Yesterday the jury reached a verdict in the trial of Joel Herrera, a 20-year-old Latin Kings gang member who murdered Glenn Wright in the Baruch Houses on the Lower East Side almost three years ago. After less than a full day of deliberations, the jury found Herrera guilty of Manslaughter in the First Degree and Gang Assault in the First Degree, both B felonies punishable with between 8 to 25 years in prison. The murder devastated many in Wright's East Harlem community and beyond—Herrera stabbed Wright to death because he believed he was another man who robbed a relative of a fellow gangster.
Wright was 21 years old when he was fatally stabbed in the neck one September afternoon in 2009. He had stepped outside to get some fresh air and take a break from washing his grandmother's windows when a group of men approached him. Wright's father Peter witnessed his son's murder, and tackled one of the suspects after a chase. He later told the News, "I saw guys running and I ran after them. Then I saw my son. He was at the right place at the wrong time. He lost so much blood."
Wright was enrolled in Borough of Manhattan Community College, and spent most of his time caring for his teenage brother, who has Down syndrome. In high school, Wright had distinguished himself by participating in an after-school robotics team that went to the national finals. His teacher told the Times, "In this profession, you’re not supposed to have favorites, but he was probably my favorite." Wright's art work is currently on display at Strivers Gardens Gallery, included in an exhibit anchored by the works of visual artist Danny Simmons (brother of Russell Simmons, is also the co-creator and executive producer of the HBO series Def Poetry Jam).

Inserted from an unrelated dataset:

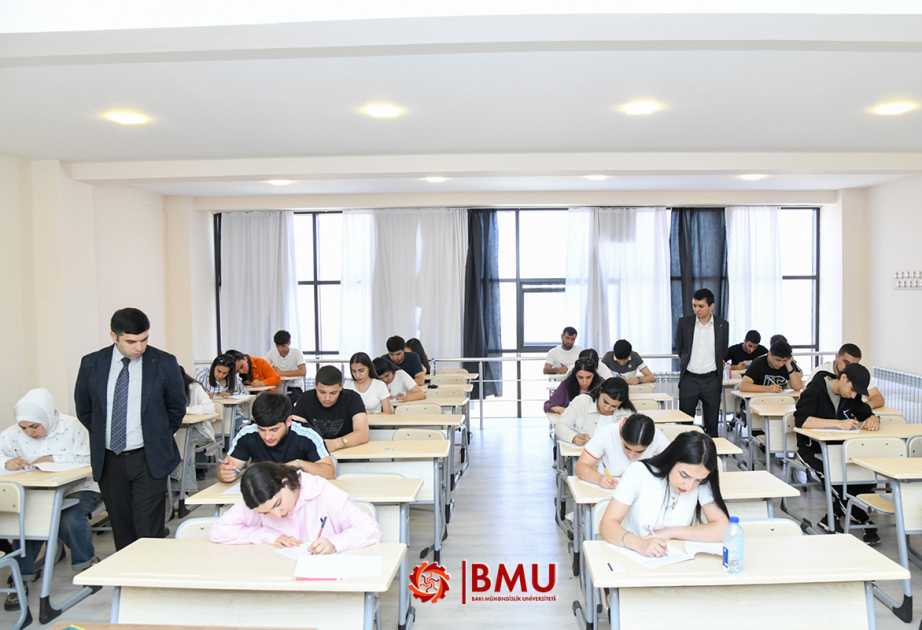 BMU-da imtahan sessiyası keçirilir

Wright's sister Blondie Rodriguez tells us that when it was announced the jury had reached a verdict, she was "afraid to go into the courtroom. We had sat through it before, and I was afraid to be inside at that point. I just didn't know if there would be another mistrial, another hung jury, and I just couldn't bear to hear anything other than not-guilty at that point. It was a long emotional process and we were frustrated having to look at Joel the entire time. He was smug and would be winking out to the gallery and smirking. It was a game to him."
Sentencing will take place on June 26th. "I feel my brother has to be proud right now knowing we loved him so much and fought so hard for justice," Rodriguez says. "It was a burden, but we carried that burden for him because no one was more worthy of that than him. I'm relieved we got that verdict and my family can now try to find some kind of solace that we did what we had to do to make sure that his death wasn't in vain, by making sure we got that guilty verdict for the person who took his life."
Next week two other defendants will go on trial in connection with Wright's murder: Alan Silva and Jason Quijano. Silva is on trial for murder in the Second Degree (a class A felony), and Quijano faces charges of Manslaughter in the First Degree, Gang Assault in the First Degree, Assault in the First Degree (all class B felonies).